As a TA, do you think this is cheating? What would you do in this situation? Write down your thoughts.
Task 3
After this incident, you come to appreciate the fine balance between providing meaningful feedback to students and ensuring the integrity and fairness of the grading process.
To prevent further abuse, you decide to update the autograder again to provide just enough feedback so that students aren't completely stuck, but not too much feedback that they can easily game the system. To do so, update the autograder in the following way. Instead of displaying detailed information for each failed test case, the autograder now display the following summary information:
Passed: test_name_1, test_name_2, ...
Failed: test_name_3, test_name_4, ...
First failed test case:
Expected: <expected output>
Actual: <actual output>
Update the dummy assignment with your new autograder, and test it by submitting the same dummy solution.py file as before.
Task 4
Since the autograder doesn't show the input for each test case anymore, it's impossible for students to hardcode the test cases in their submission anymore... or is it?
In this task, you will try to hack a similar autograder, and show that you can still hardcode the test cases in your submission and get a perfect score without actually solving the problem.
Specifically, in the CS 501 Gradescope course, Junrui has created a dummy assignment called "Autograder Hacking (Task 4)". The autograder for this assignment accepts a solution.py file that must implement the following function:
def foo(x: string) -> int:
# Your code here
However, Junrui is not gonna tell you what foo is supposed to do. Your task is to achieve perfect score on this assignment without knowing what the autograder checks.
Hint
Submit a dummy file and observe the output of the autograder.Once you complete this task, think about how you would prevent similar exploits in your own autograders.
Task 5
After completing Tasks 4, you become disillusioned with autograders. You sense that no matter how hard you try to design a good autograder, a motivated student can always find a way to game the system. You decide to give up, become the bad guy, and provide no feedback in the autograder beyond printing out names of passed and failed test cases. After doing so, the Piazza forum is flooded with questions like this:
Hi
, I can't pass
test_1,test_8, andtest_10. Can you please tell me what those tests are supposed to check? I really need to graduate this quarter and this is the last course I need to take.--Anonymous Poet
Then, you spend tens of hours each week trying to distill the essence of each test case into a cryptic poem, hoping that the students will be able to decipher the poems and fix their code.

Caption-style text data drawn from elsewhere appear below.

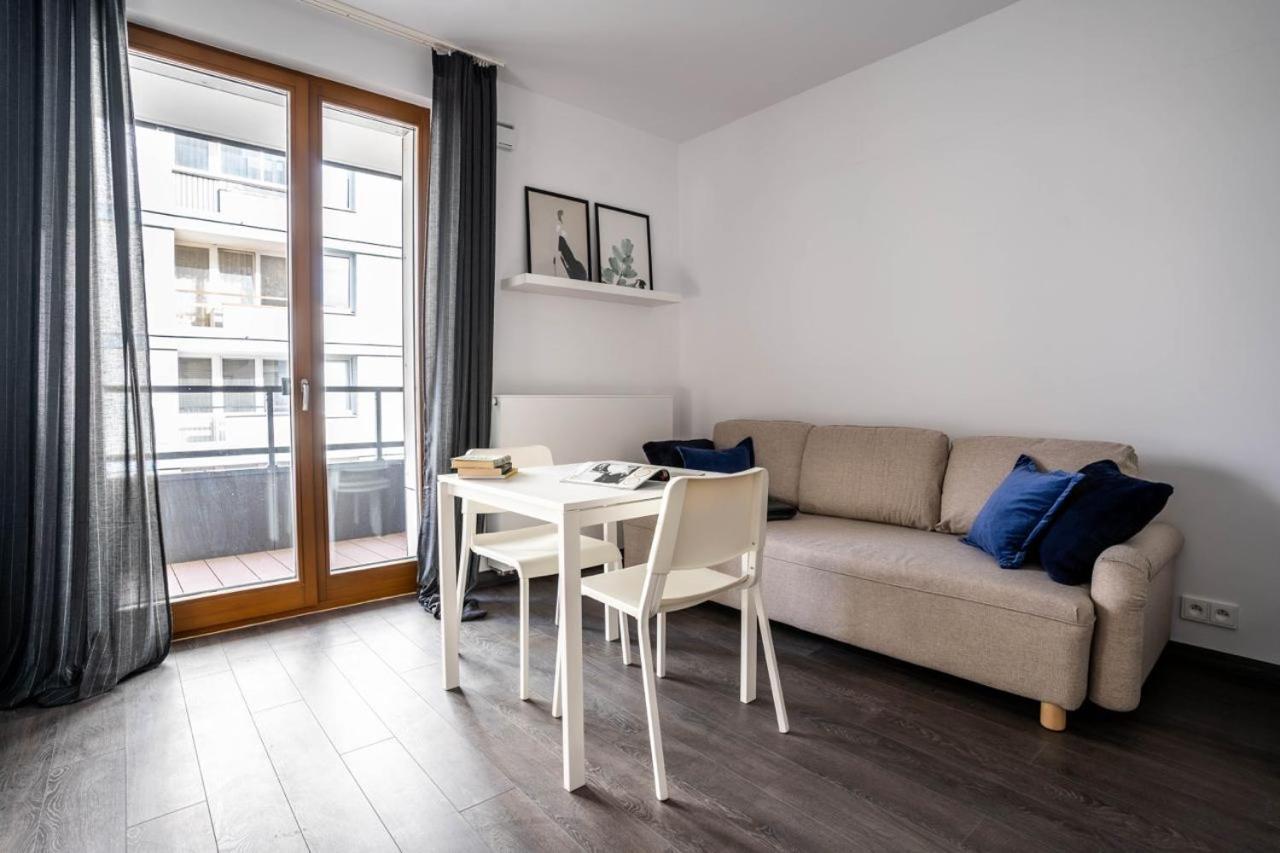 Golden Apartments Warsaw - Bright And Modern Apartments -Premium Building In Top Location- Solidarnosci Exterior foto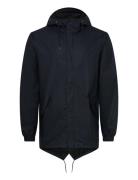 Rains Fishtail Jacket W3 Svart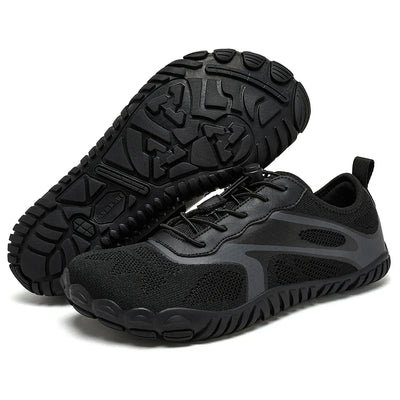 Unisex wasserdichte Barfußschuhe | Läuft
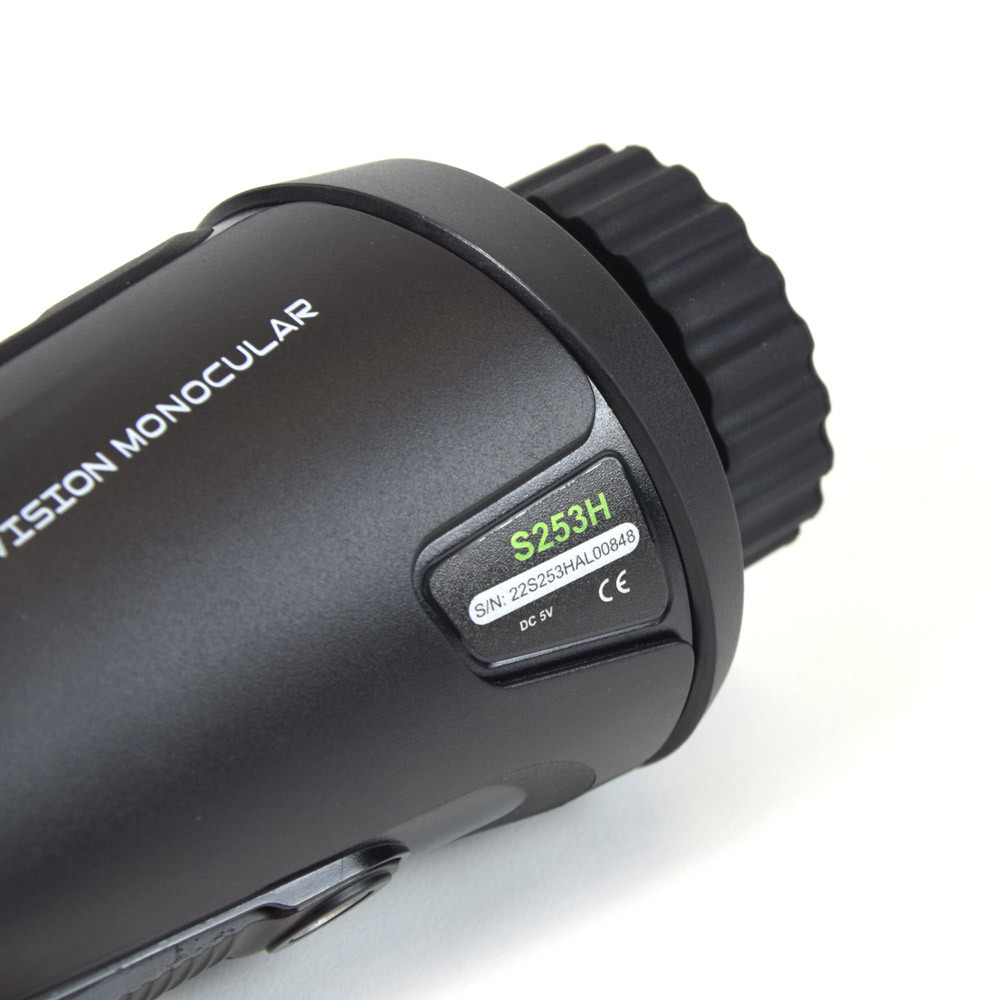 Тепловізійний монокуляр IRtech-S253H-384 (35 мм) Київ - фото 6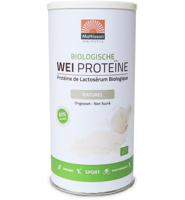Mattisson HealthStyle Biologische Wei Proteïne Naturel - thumbnail
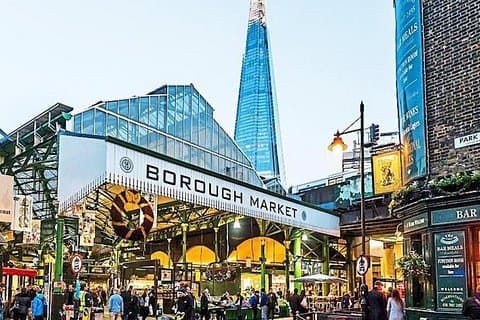4 Hour Tour Borough Market and Tower Of London (With Private Guide)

The quarter passes, and you feel exhausted. You reflect on your experience, and wonder:
Is this really what teaching is all about?
Is this really what learning is all about?
Why is testing so hard?
Think about these questions, and write down your thoughts. Concretely, how would you design autograders that strike the right balance between providing meaningful feedback to students and ensuring the integrity of the grading process?
How to Submit Your Work
Submit a zip file containing what you did for each task to the "Autograder Lab" assignment on Canvas. Your zip file should contain the following files:
task1/: A directory containing your updated autograder for Task 1.task2.txt: A text file containing your thoughts for Task 2.task3/: A directory containing your updated autograder for Task 3.solution_task4.py: A Python file containing your solution for Task 4.task5.txt: A text file containing your thoughts for Task 5.